Condition: $p\ne3$ .

If $p=2$ , we have $\left|2+\log_{\frac{3}{p}}(3p^2)\right|=\left|2+\log_{\frac{3}{2}}12\right|>2>\dfrac{3}{2}$ , satisfied.

If $p>3$ we have: $\left|2+\log_{\frac{3}{p}}(3p^2)\right|>\dfrac{3}{2}$

$\Leftrightarrow \left|2+\dfrac{\ln(3p^2)}{\ln\left(\dfrac{3}{p}\right)}\right|>\dfrac{3}{2}$

$\Leftrightarrow \left|2+\dfrac{\ln3+2\ln p}{\ln3-\ln p}\right|>\dfrac{3}{2}$

$\Leftrightarrow \left|\dfrac{3\ln3}{\ln3-\ln p}\right|>\dfrac{3}{2}$

$\Leftrightarrow \dfrac{\ln 3}{\ln p-\ln 3}>\dfrac{1}{2}$

$\Leftrightarrow 2\ln3>\ln p-\ln3$

$\Leftrightarrow \ln p <3\ln3 \Leftrightarrow p<27$

Since $p$ is a prime and $p>3$ , we get $p\in\{5; 7; 11; 13; 17; 19; 23\}$

So, there are $\boxed{8}$ primes satisfy the inequality.

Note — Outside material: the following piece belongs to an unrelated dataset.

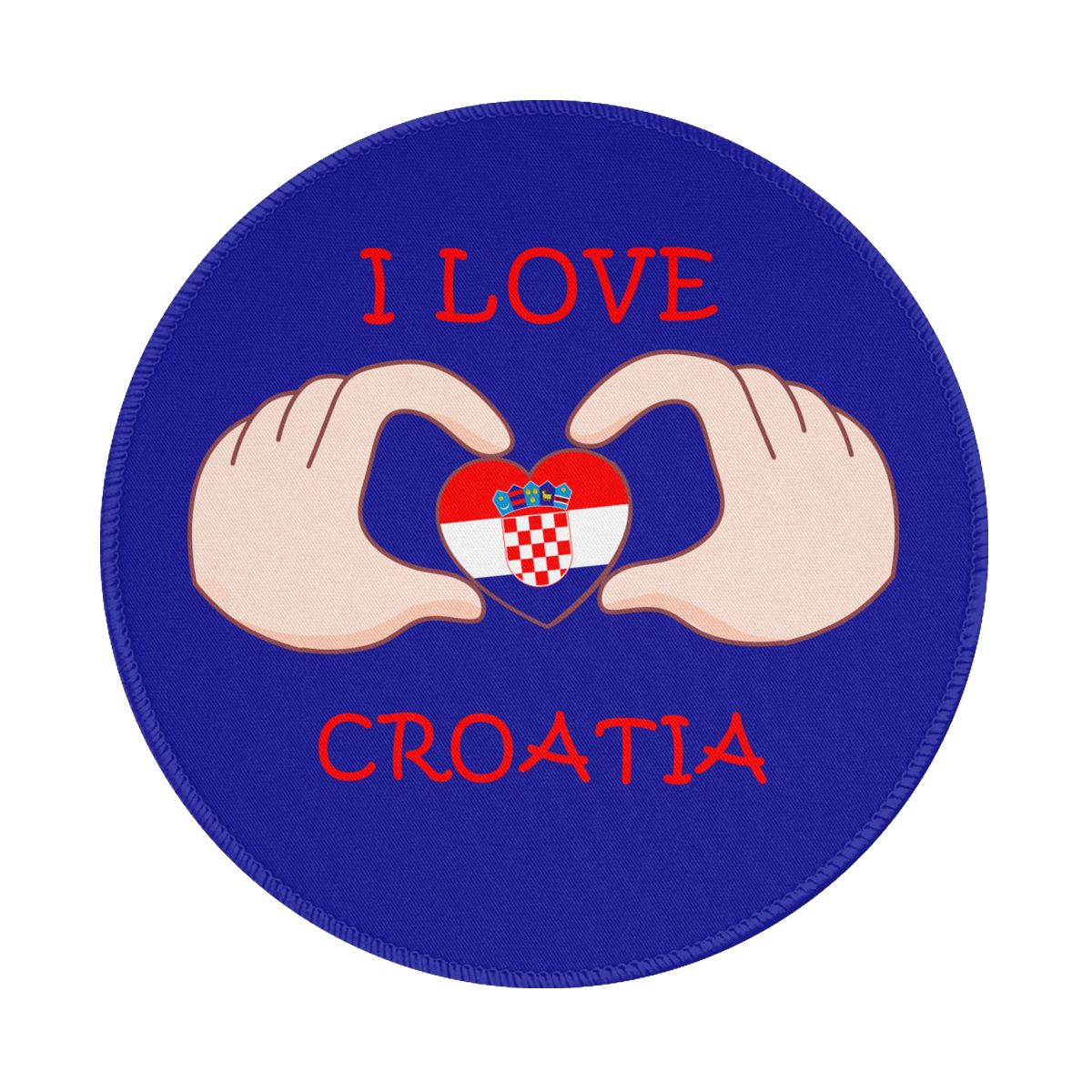 I Love Croatia Gaming Round Mousepad for Computer Laptop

Cool solution Khang Nguyen Thanh ! I was going to try base changes like you but feared it would be too messy. Instead, I noted that $2=\log_{\frac{3}{p}}{\frac{9}{p^2}}$ , which simplifies the inside of the absolute value to $\log_{\frac{3}{p}}{27}$ . The rest of my analysis was largely the same as yours. Cool problem!